New York Times columnist Gail Collins will deliver the 18th annual Luann Dummer Lecture based on her latest book, When Everything Changed: The Amazing Journey of American Women from 1960 to the Present, on Tuesday, March 8.

Gail Collins

Gail Collins

Collins will give the lecture at 7 p.m. in the O’Shaughnessy Educational Center auditorium on the St. Paul campus of the University of St. Thomas. The lecture is free and open to the public. A reception and book signing will follow.

Collins joined The New York Times in 1995 as a member of the editorial board and later became an op-ed columnist. In 2001 she became the first woman appointed editor of the Times’ editorial page. At the beginning of 2007 she stepped down to finish When Everything Changed. She returned to the Times as a columnist in July 2007.
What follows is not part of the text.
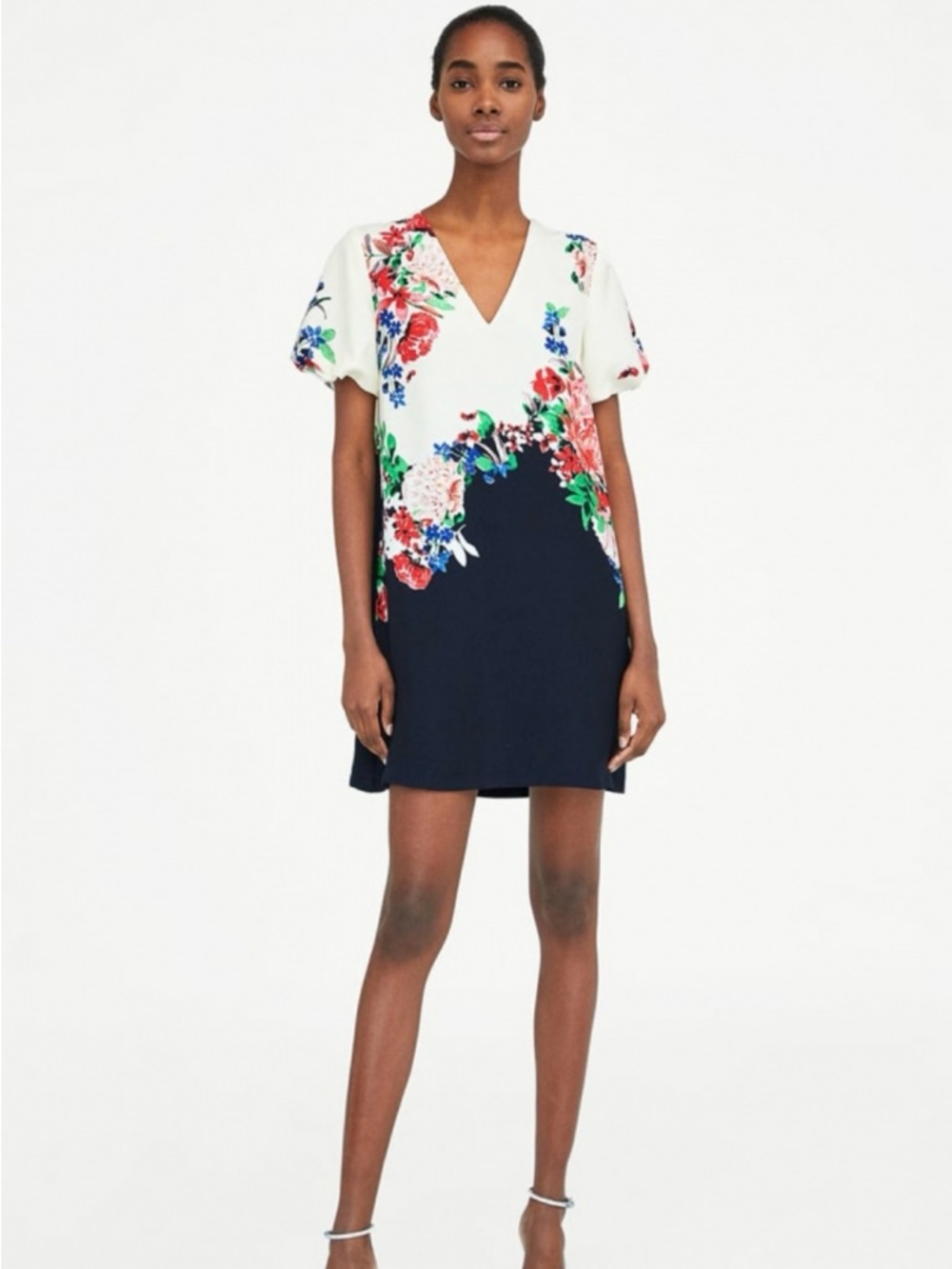 Zara floral shift dress with puff sleeves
Before joining the Times, Collins was a columnist at New York Newsday and the New York Daily News, and a reporter for United Press International. Her first jobs in journalism were in Connecticut, where she founded the Connecticut State News Bureau, which provided coverage of the state capitol and Connecticut politics. When she sold it in 1977, the CSNB was the largest news service of its kind in the country, with more than 30 weekly and daily newspapers.

Aside from When Everything Changed, Collins is the author of America's Women, Scorpion Tongues: Gossip, Celebrity and American Politics, and The Millennium Book, which she co-wrote with her husband, Dan Collins.

St. Thomas’ annual Women's History Month lecture is named for the late Dr. Luann Dummer, a St. Thomas English professor whose 1992 estate provided approximately $1 million for the creation of a women's center at St. Thomas and an endowment for its programs, including the annual lecture series.